The Binghamton City School District’s new MacArthur Elementary building is set to open Monday. The school was destroyed by a flood in 2011.
The new building has a huge open lobby with soaring ceilings. Its three classroom wings are color-coded: yellow, red and green. There’s a gym and a new library. Binghamton Assistant Superintendent for Administration Karry Mullins says one feature of the new MacArthur hit her right away.
“The natural light and the windows in this building are incredible – floor-to-ceiling windows where even the youngest students can see outdoors,” she explains.

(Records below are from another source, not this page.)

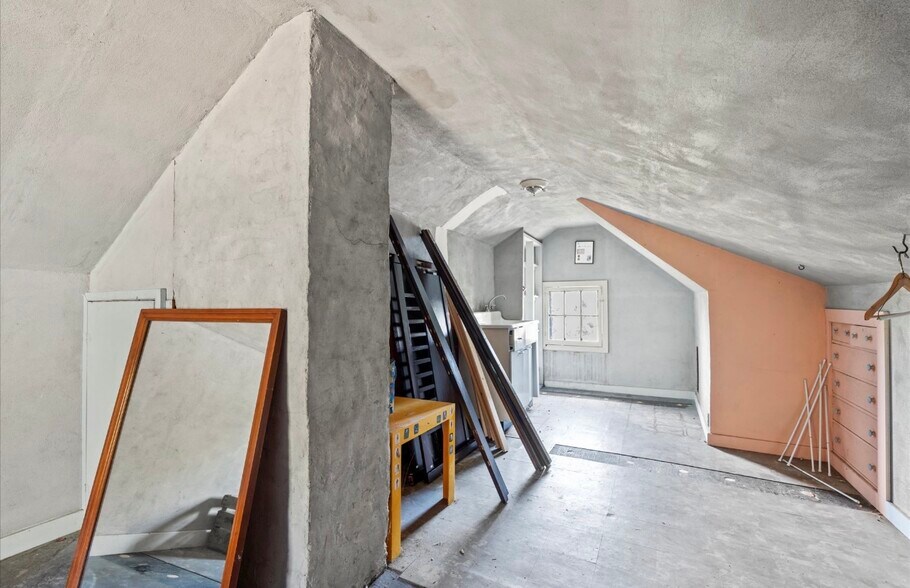 Building Photo - 114 Phelps Pl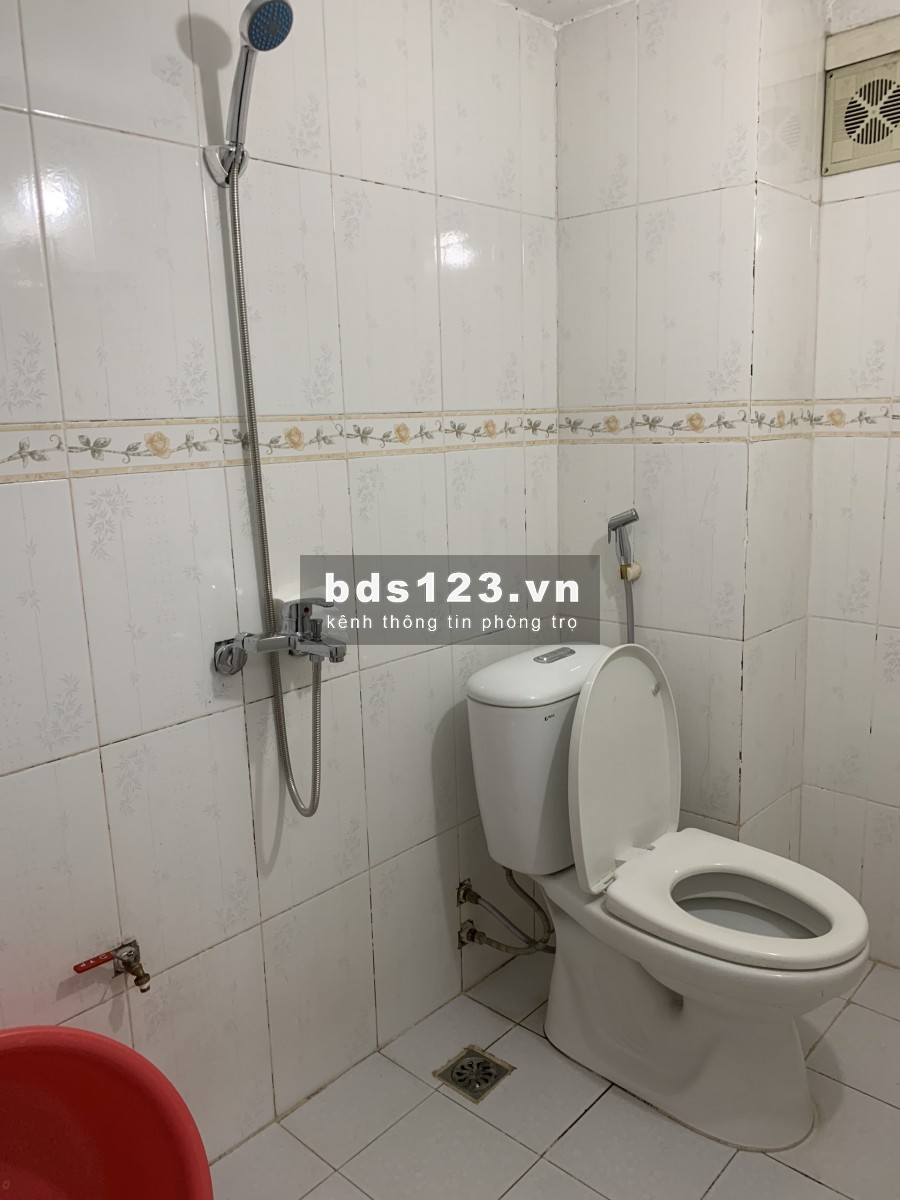 Cho thuê trọ giường tầng 720 Đê La Thành 1.5 triệu full đồ. Lh 0377983070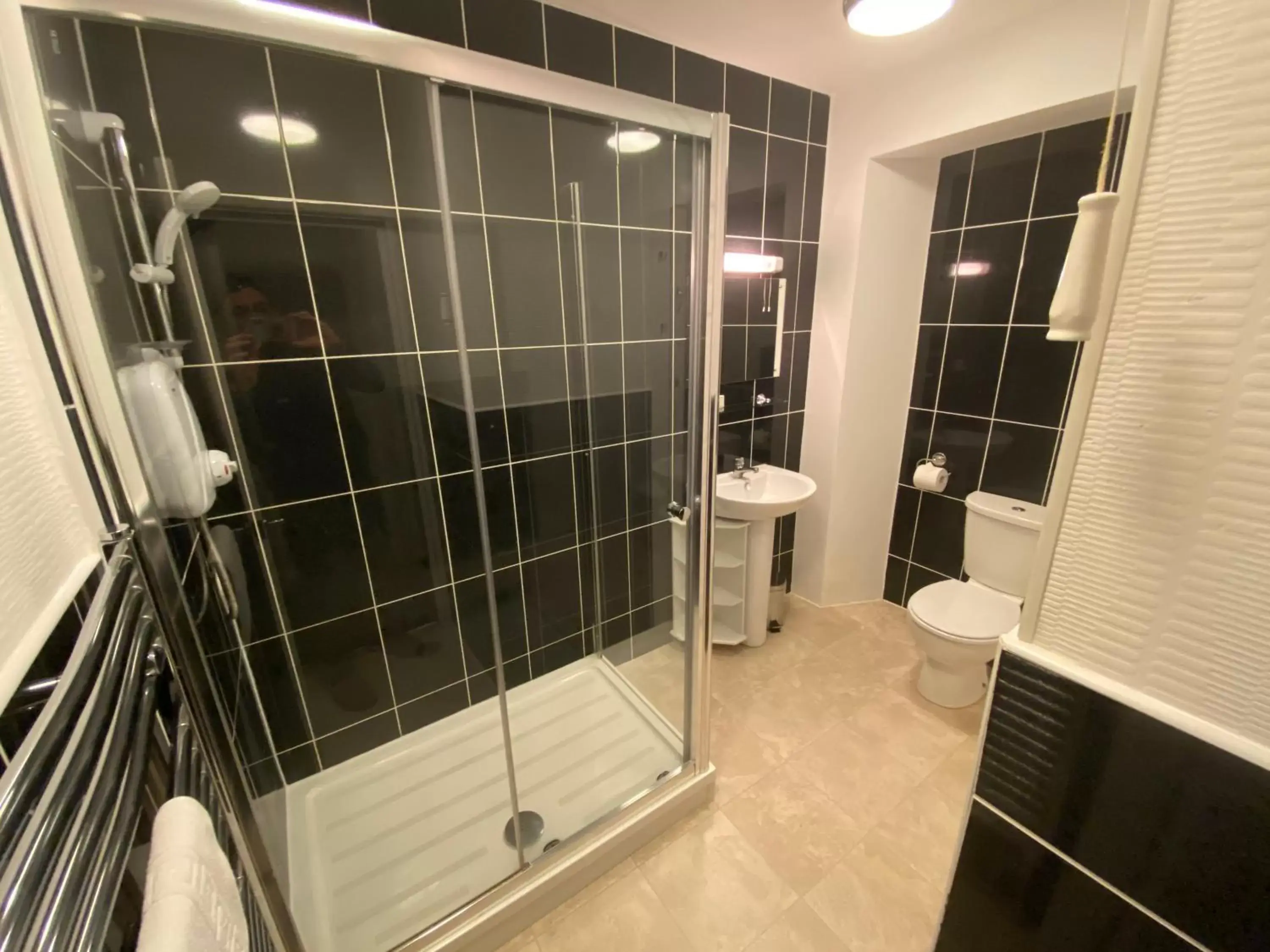 Bedroom, Bathroom in Abingdon House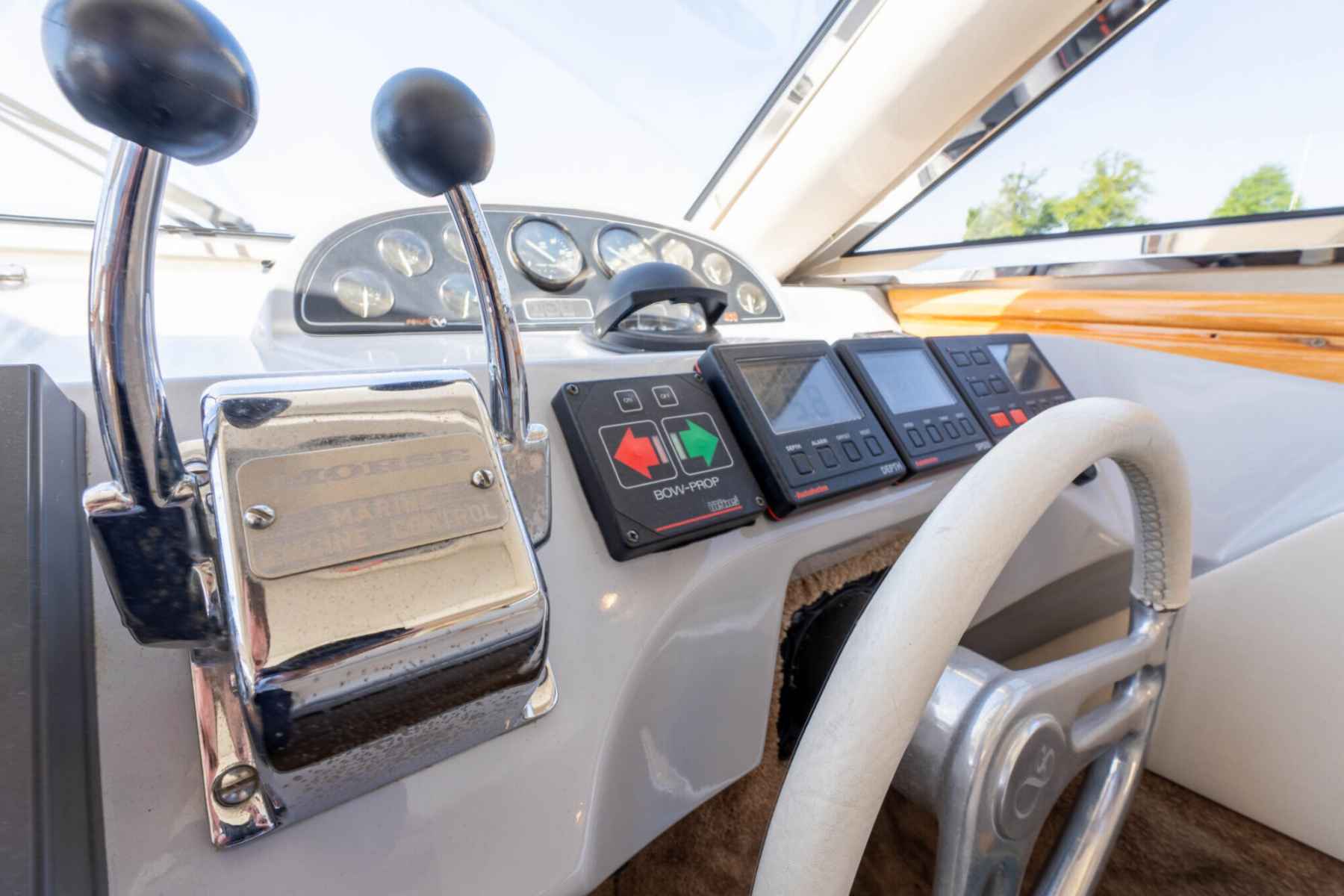 Motorboot Sealine Statesmen 450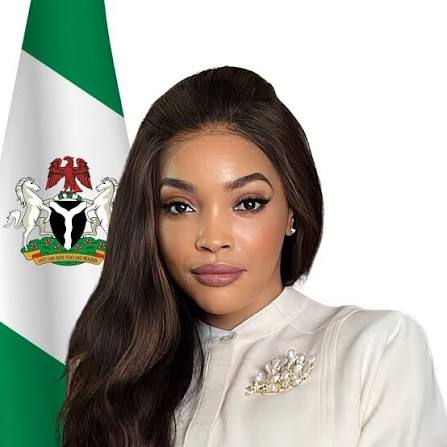 Isi-Uzo women drum support for Gov Mbah as Enugu First Lady distributes palliatives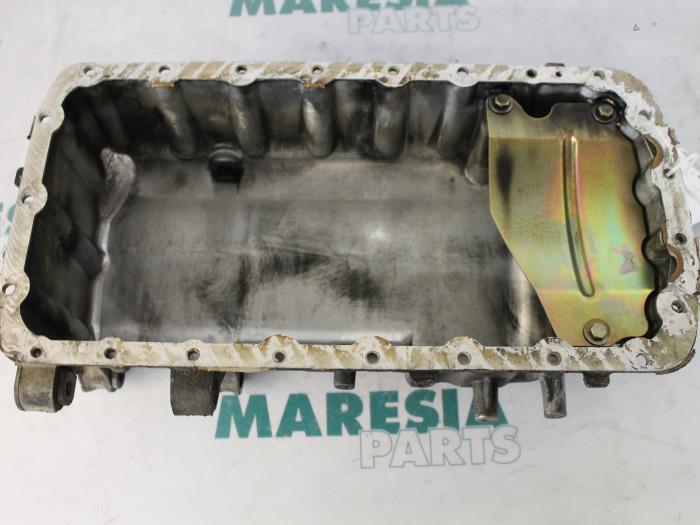 Usagé Couvercle carter Citroen C8 (EA/EB) 2.0 HDiF 16V Prix € 75,00 Règlement à la marge proposé par Maresia Parts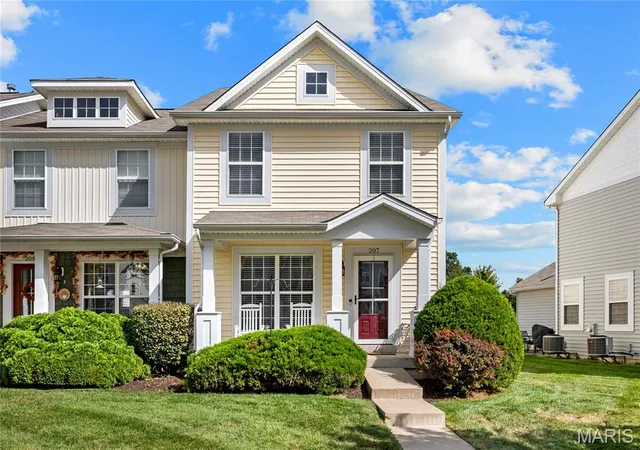Photo 1 of Townhouse for sale at 207 Countryshire Dr, Lake Saint Louis, MO 63367 | MLS# MIS26048556 | Listing updated on 2026-10-10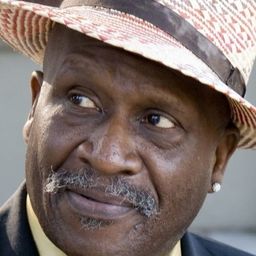 Taj Mahal 飾演 Self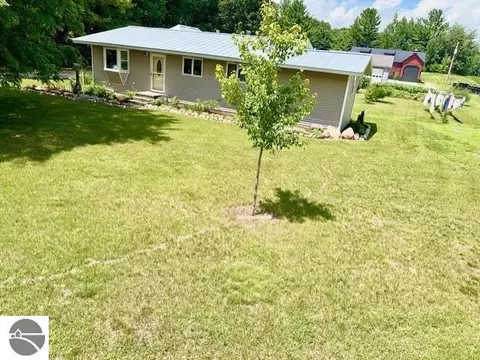 4721 E Sidney Rd, Stanton, MI 48888 photo 34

There’s another stand-out feature: stilts. The classroom wings are elevated to clear the floodplain because the school sits on the same riverside site where the former building flooded in 2011. Ashley McGraw Architects CEO Ed McGraw says the stilts also provide some extra benefits. McGraw’s firm designed the building.
“You now can actually see the river,” he says. “MacArthur used to just sit down in a bowl. There’s [also] an underside of these wings where the kids are going to be able to go outside all year round.”
The new school was designed for energy efficiency: McGraw says solar panels will provide about eighty percent of its electricity, and an on-site geothermal system aims to provide all the building’s heating. The school will also treat all of its own storm water.
In the four years since the flood, MacArthur students have been housed in two area Catholic schools, and principal Maria McIver has led a hectic life: “Living out of the trunk of my car and actually having a cardboard box that I would take from one school to the other,” she says.
McIver is eager to give that up. Grades three through five start at the new school Monday, and pre-k through second grade are set to arrive in January.